##### Exercise data

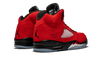 Air Jordan 5 Retro Raging Bull - DD0587-600 / 440888-600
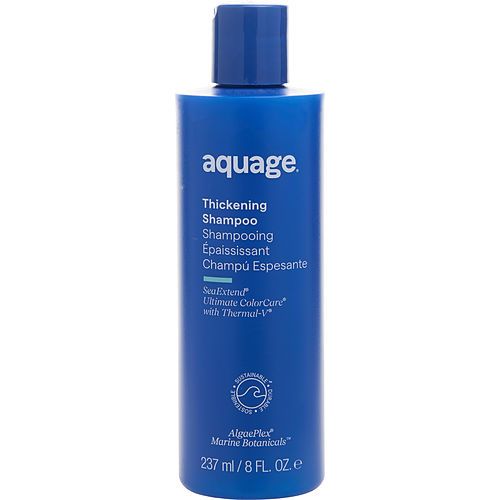 AQUAGE by Aquage SEA EXTEND THICKENING SHAMPOO 8 OZ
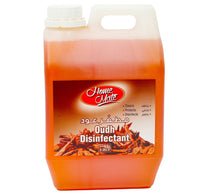 Home Mate Oudh Disinfectant 2.35 Litres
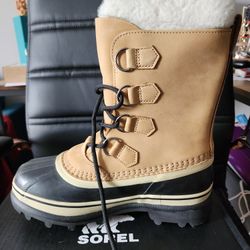 Sorel Winter Boots - Women US 6.5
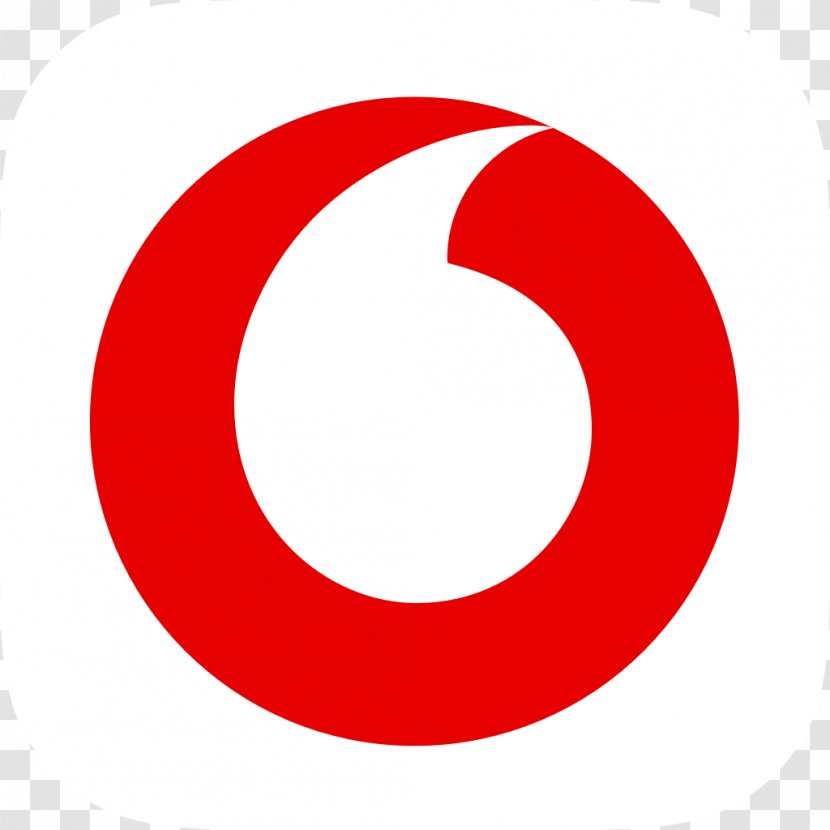 Vodafone Prepaid Mobile Phone Phones Postpaid Logo - Alcatel Badge Transparent PNG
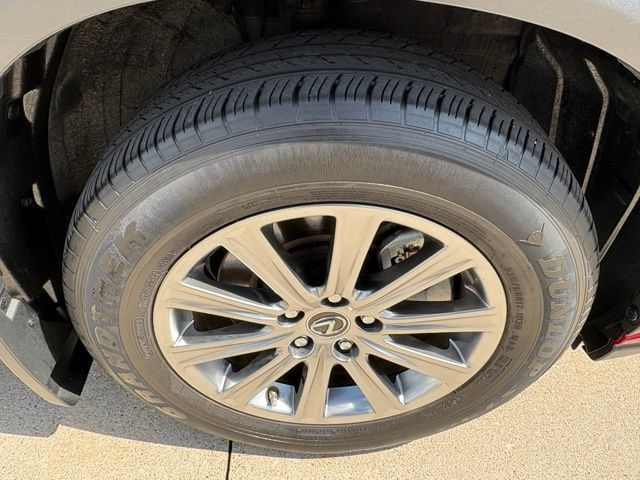 Used 2021 Lexus NX 300 AWD w/ Package Accessorty (P1) image 21
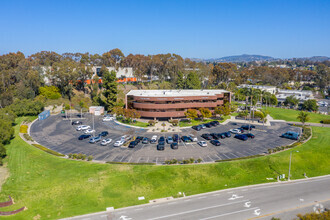 2011 Palomar Airport Rd, Carlsbad, CA - Aérien  Vue de la carte - Image1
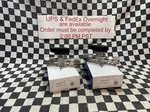 Swagelok SS-83KS8, SS83KS8,HIGH Pressure Ball Valve, Lot Of 2, Shipsameday. Fixed Price $1062.97.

##########

* Task to complete
Where the data includes pictures, leave them out and write out everything else exactly.

* Exercise output
 Air Jordan 5 Retro Raging Bull - DD0587-600 / 440888-600
 AQUAGE by Aquage SEA EXTEND THICKENING SHAMPOO 8 OZ
 Home Mate Oudh Disinfectant 2.35 Litres
 Sorel Winter Boots - Women US 6.5
 Vodafone Prepaid Mobile Phone Phones Postpaid Logo - Alcatel Badge Transparent PNG
 Used 2021 Lexus NX 300 AWD w/ Package Accessorty (P1) image 21
 2011 Palomar Airport Rd, Carlsbad, CA - Aérien  Vue de la carte - Image1
 Swagelok SS-83KS8, SS83KS8,HIGH Pressure Ball Valve, Lot Of 2, Shipsameday. Fixed Price $1062.97.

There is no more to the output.